* [ASSIGNMENT] Could every line below be transcribed exactly, with the pictures dropped?

::: DATA PROVIDED

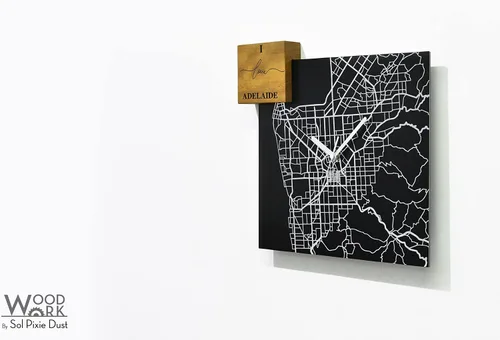 Vista 2 de Modern Wall Clock - Black Aluminum with Silver Fiber Laser Engraving - Square - Contemporary Design - Personalized City Map - Home Town - Location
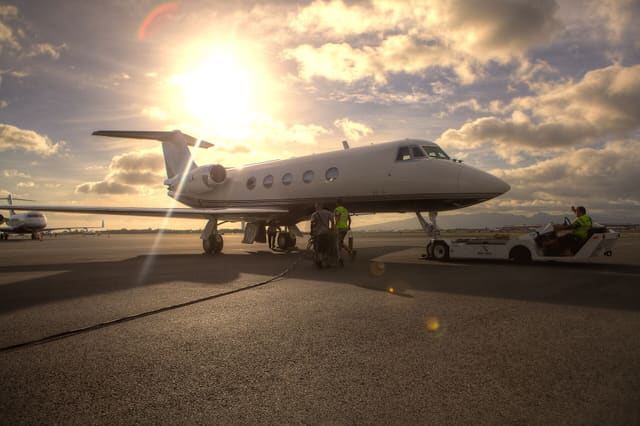 N227LA - Business jet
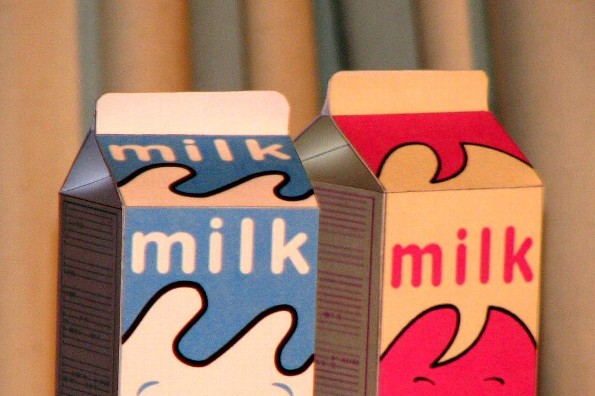 Fortalece los brazos usando cajas de leche 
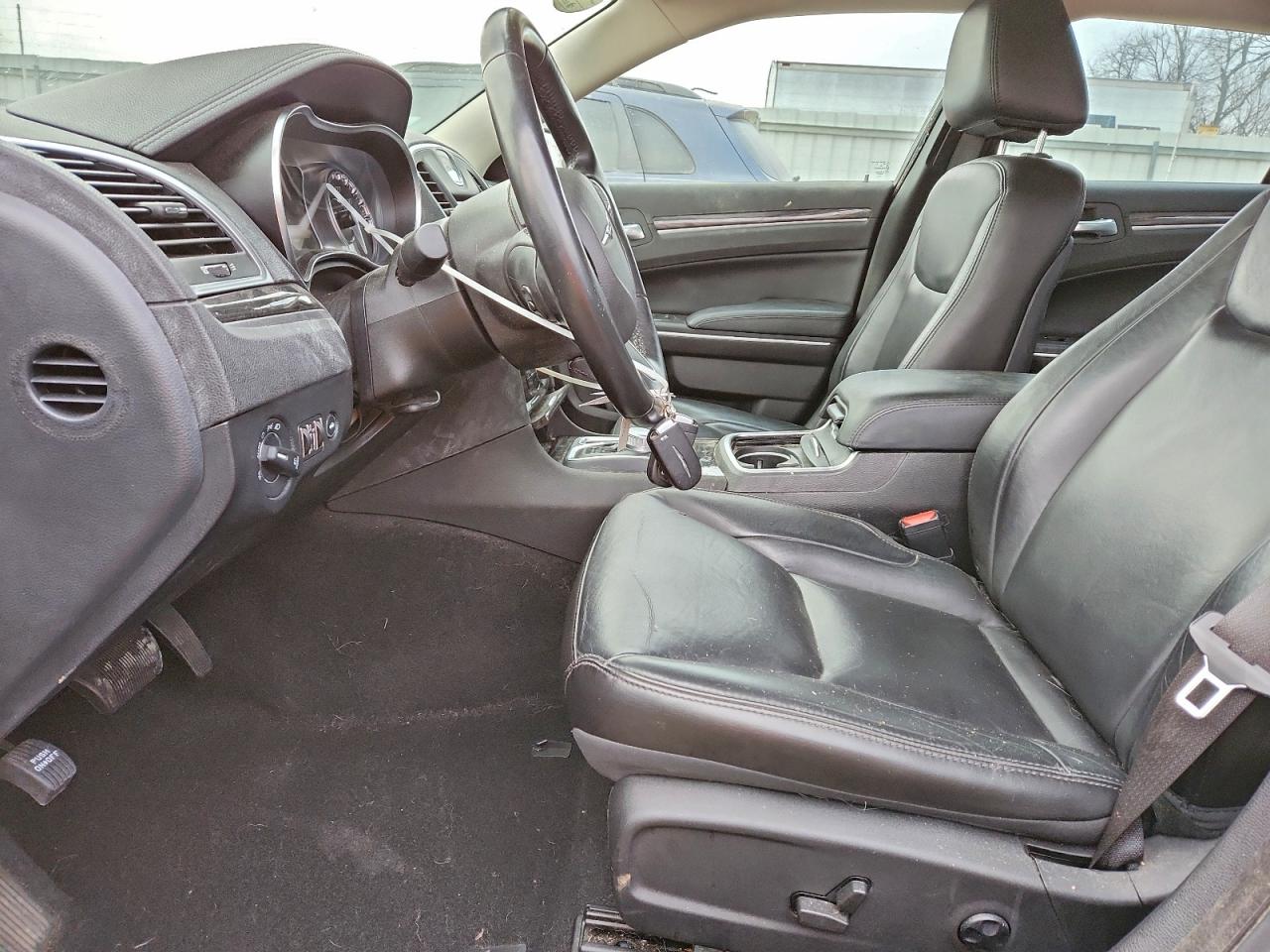 2021 CHRYSLER 300 TOURING photo 13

::::::

* [ANSWER SECTION]
 Vista 2 de Modern Wall Clock - Black Aluminum with Silver Fiber Laser Engraving - Square - Contemporary Design - Personalized City Map - Home Town - Location
 N227LA - Business jet
 Fortalece los brazos usando cajas de leche 
 2021 CHRYSLER 300 TOURING photo 13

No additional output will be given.